Records shown »
══════════

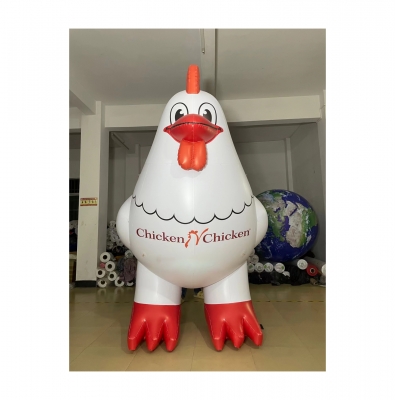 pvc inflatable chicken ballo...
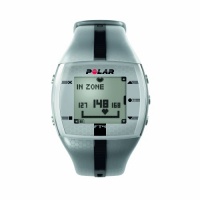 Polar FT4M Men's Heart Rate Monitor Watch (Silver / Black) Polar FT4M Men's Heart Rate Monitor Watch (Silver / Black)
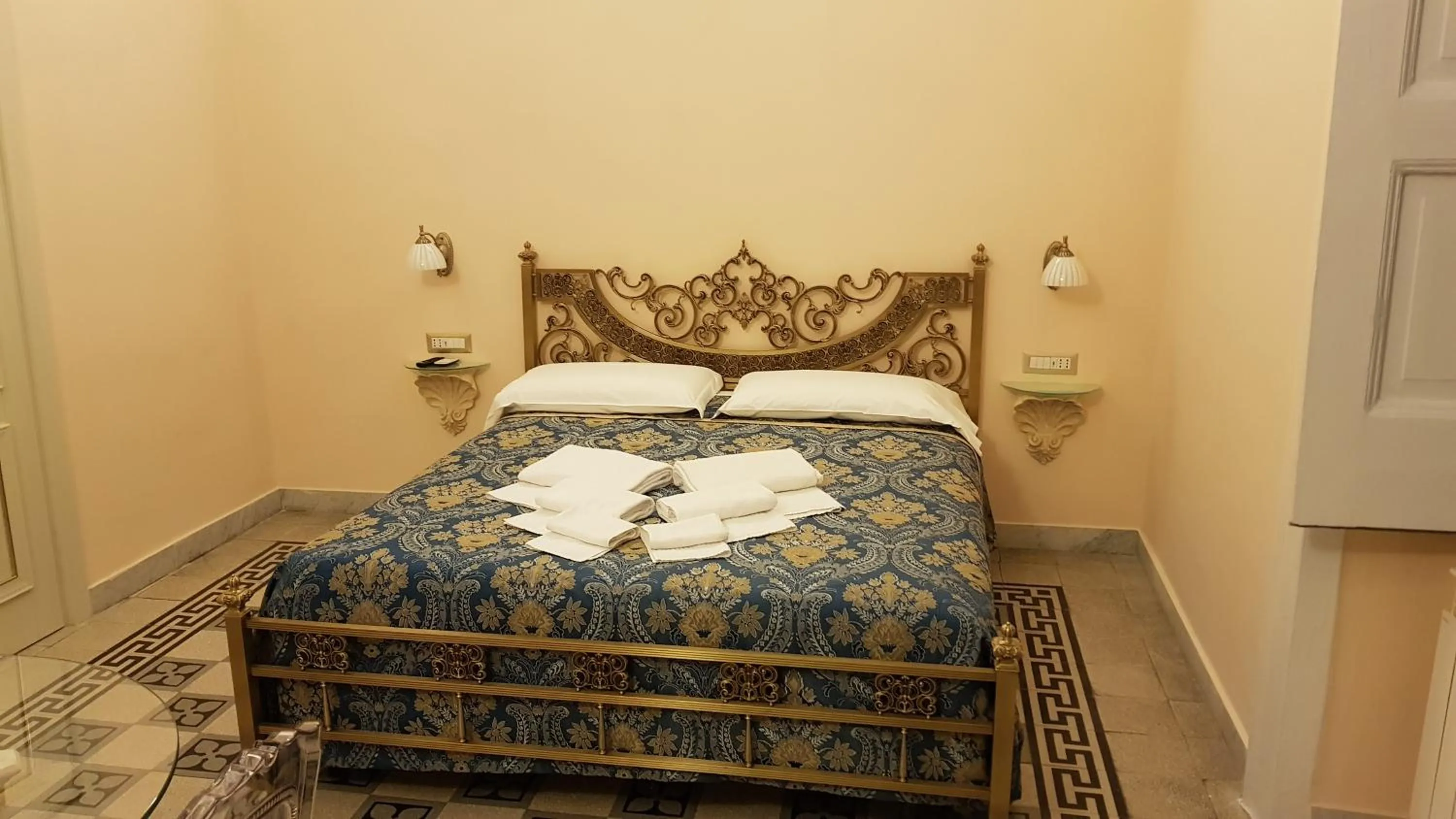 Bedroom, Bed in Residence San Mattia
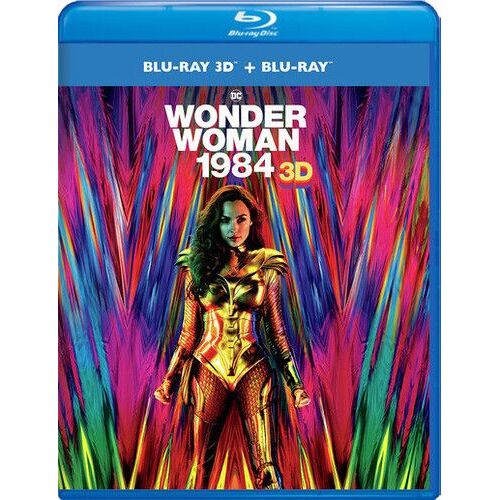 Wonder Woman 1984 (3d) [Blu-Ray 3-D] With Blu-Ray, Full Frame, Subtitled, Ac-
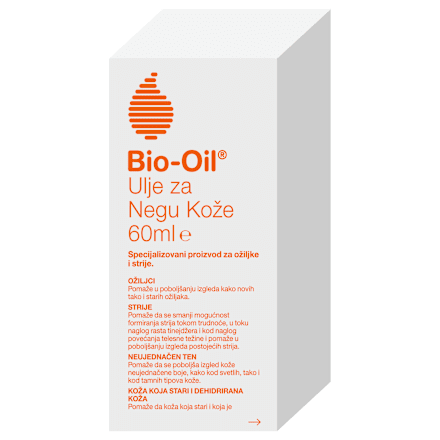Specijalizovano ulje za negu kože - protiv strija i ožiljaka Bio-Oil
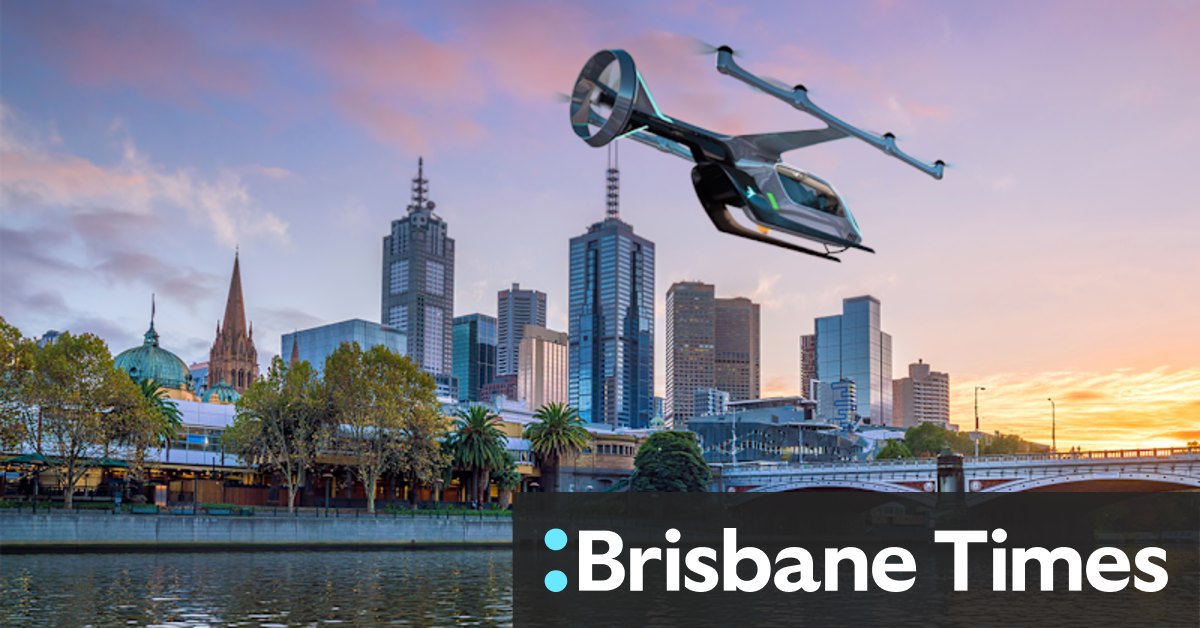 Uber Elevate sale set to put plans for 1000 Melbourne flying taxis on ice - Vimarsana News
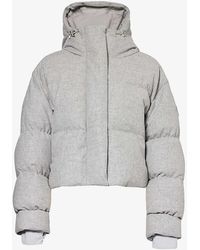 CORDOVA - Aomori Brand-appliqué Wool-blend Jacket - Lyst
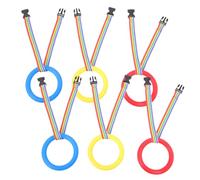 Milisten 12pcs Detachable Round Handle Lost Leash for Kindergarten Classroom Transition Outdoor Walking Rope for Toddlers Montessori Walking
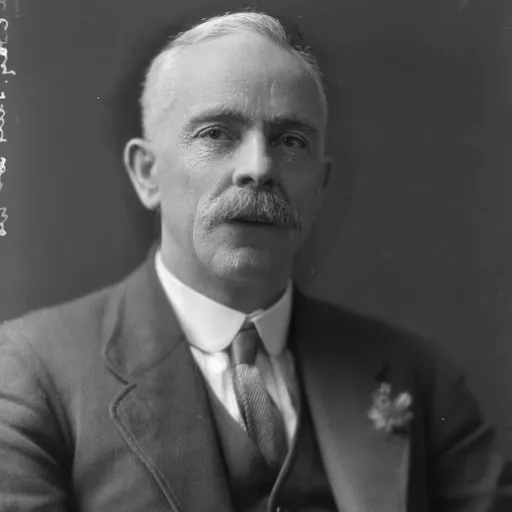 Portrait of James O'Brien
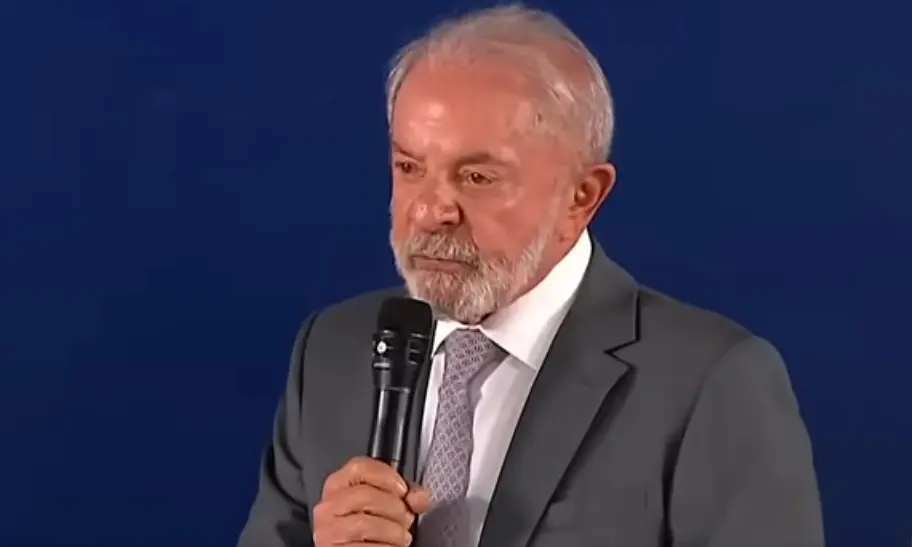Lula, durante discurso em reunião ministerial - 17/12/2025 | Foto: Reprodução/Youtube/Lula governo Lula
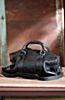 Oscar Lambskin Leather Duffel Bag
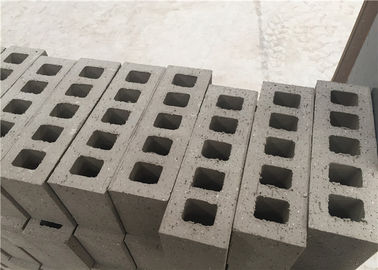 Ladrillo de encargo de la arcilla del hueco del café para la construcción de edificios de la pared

══════════

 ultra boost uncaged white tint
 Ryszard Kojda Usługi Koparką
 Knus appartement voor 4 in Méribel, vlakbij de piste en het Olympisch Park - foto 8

══════════

What is needed » Would you set down only the lines above from the line with "Portrait of James O'Brien" to the line with "Ladrillo de encargo", both included, exactly as they stand and without the pictures?

Solved problem »
 Portrait of James O'Brien
Lula, durante discurso em reunião ministerial - 17/12/2025 | Foto: Reprodução/Youtube/Lula governo Lula
 Oscar Lambskin Leather Duffel Bag
 Ladrillo de encargo de la arcilla del hueco del café para la construcción de edificios de la pared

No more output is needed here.